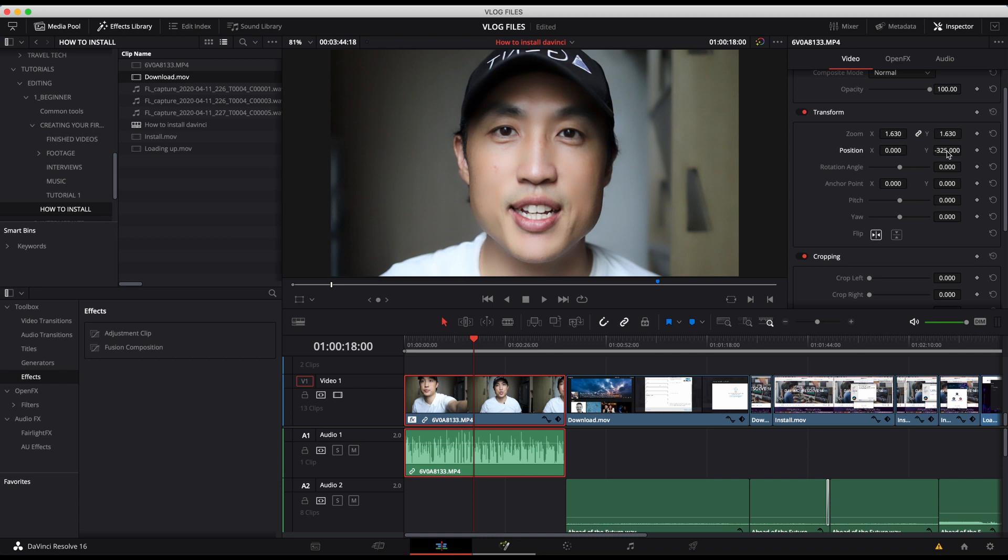Or like in the earlier video, I talked about jump cutting. Let's say we want to jump cut to something. What you can do is change the size of the video to make it feel like it's not so much of a jump cut. It's more like a cut from a mid shot to a close up shot, and then you can cut back.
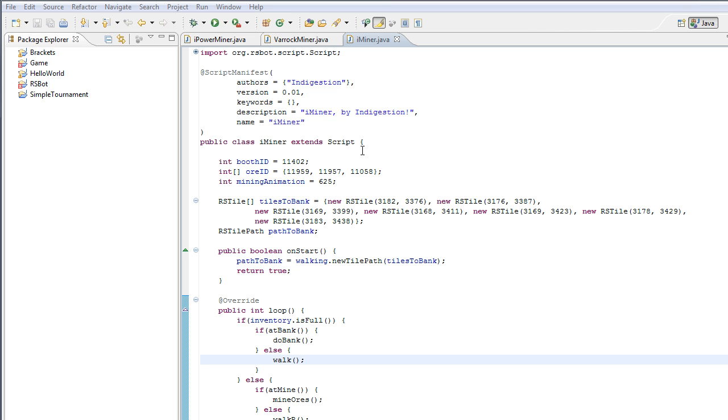So today we're going to be seeing how to add the paint to our script and the basic methods we can use in the paint to display information on our screen.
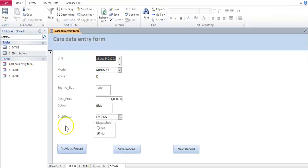So if you go to view, form view. And there we go. Dispatched now has radio buttons.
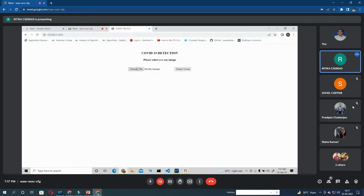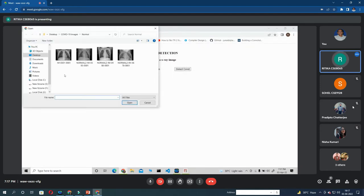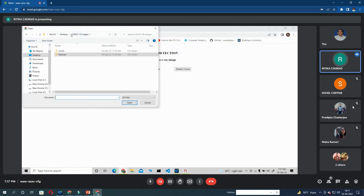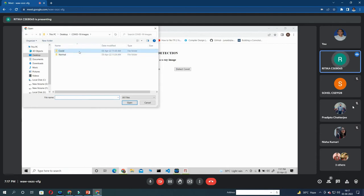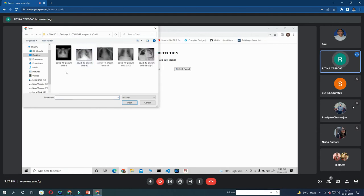From here we have to choose the file. I have already made the folder. One is of COVID positive and another one is of normal. Suppose I am selecting an image from COVID folder.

· · ·

* WHAT THE TASK REQUIRES
Without including any pictures, reproduce the listing exactly.

* OUTPUT OF THE TASK
Or like in the earlier video, I talked about jump cutting. Let's say we want to jump cut to something. What you can do is change the size of the video to make it feel like it's not so much of a jump cut. It's more like a cut from a mid shot to a close up shot, and then you can cut back.
So today we're going to be seeing how to add the paint to our script and the basic methods we can use in the paint to display information on our screen.
So if you go to view, form view. And there we go. Dispatched now has radio buttons.
From here we have to choose the file. I have already made the folder. One is of COVID positive and another one is of normal. Suppose I am selecting an image from COVID folder.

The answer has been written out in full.